Flávio de Aquino definiu Zumblick como “um grande retratista”, mas afirmou que a Manchete temia publicar reportagem de um único pintor catarinense com preterição de outros,, pois tal precedente podia gerar insuportável fila de pedidos, quando a finalidade maior da revista era o retrato em cores das notícias que foram manchetes na semana. Talvez se referisse àqueles mesmos artistas plásticos que formavam tremenda confraria, que tentou, inclusive grotescamente, interromper a mostra individual de Zumblick, no Palácio Cruz e Sousa. Nunca revelei isso ao Zumblick, pois a qualificação de “retratista”, apesar do qualificativo “ótimo”, me parecia uma capitis diminutio, uma classificação menor. Lembrando o grande escultor florentino Michelangelo, que se recusava a pintar, mas acabou criando uma obra eterna como teto da Capela Sistina, Zumblick nos legou extensa produção retratista que só agora, apreciando a sequência de retratos aqui selecionados, descubro a alta qualidade de retratista do “Pintor das Bandeiras” que Aquino percebera há mais de 30 anos.
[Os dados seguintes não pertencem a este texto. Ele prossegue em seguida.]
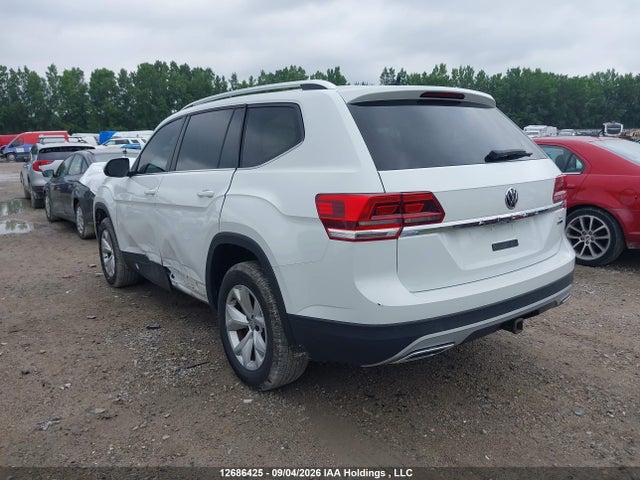 1V2LR2CA5JC506862 Volkswagen ATLAS SE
Não o “retratista” como então entendi, aquele pintor contratado por abastados para fixar no linho grosso da tela o rosto da filha debutante. Talvez mais perto daquele tal Leonardo, nascido em Vinci, com o desafiador sorriso enigmático de sua Mona Lisa que, realmente, não era a esposa de Franceso Del Giocondo, mas apenas uma doméstica. Nesse caso, o sorriso não seria mais do que um deboche da burguesia de Florença.
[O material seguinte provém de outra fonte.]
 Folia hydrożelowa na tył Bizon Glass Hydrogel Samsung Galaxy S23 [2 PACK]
Em Zumblick, temos que ir muito além do retrato - perscrutar o sentimento do artista que tenta sempre ser entendido. Ao ver os quadros deste capítulo, procure a razão da angústia, da culpa, dor, ternura, amor, raiva, desgosto, agonia, amargura, ansiedade, consternação, desgosto, aflição, em cada quadro. E se conseguíssemos raspar as camadas de tinta, quem sabe encontraríamos outros sentimentos, dos quais o artista se arrependeu - o “pentimento” de que nos falava Lillian Hellman (À medida que o tempo passa a tinta velha, em uma tela, muitas vezes se torna transparente. Quando isso acontece, é possível ver em alguns quadros as linhas originais: através de um vestido de mulher surge uma árvore, uma criança dá lugar a um cachorro e um grande barco não está mais em mar aberto. Isso se chama pentimento porque o pintor se arrependeu, mudou de ideia. Talvez se pudesse dizer que a antiga concepção, substituída por uma imagem ulterior, é uma forma de ver, e ver de novo, mais tarde). Por isso, meu amigo, não me pergunte para quem olham os retratados de Zumblick: seus olhares vão muito além de seus retratos. A não ser que o artista esteja zombando de nós.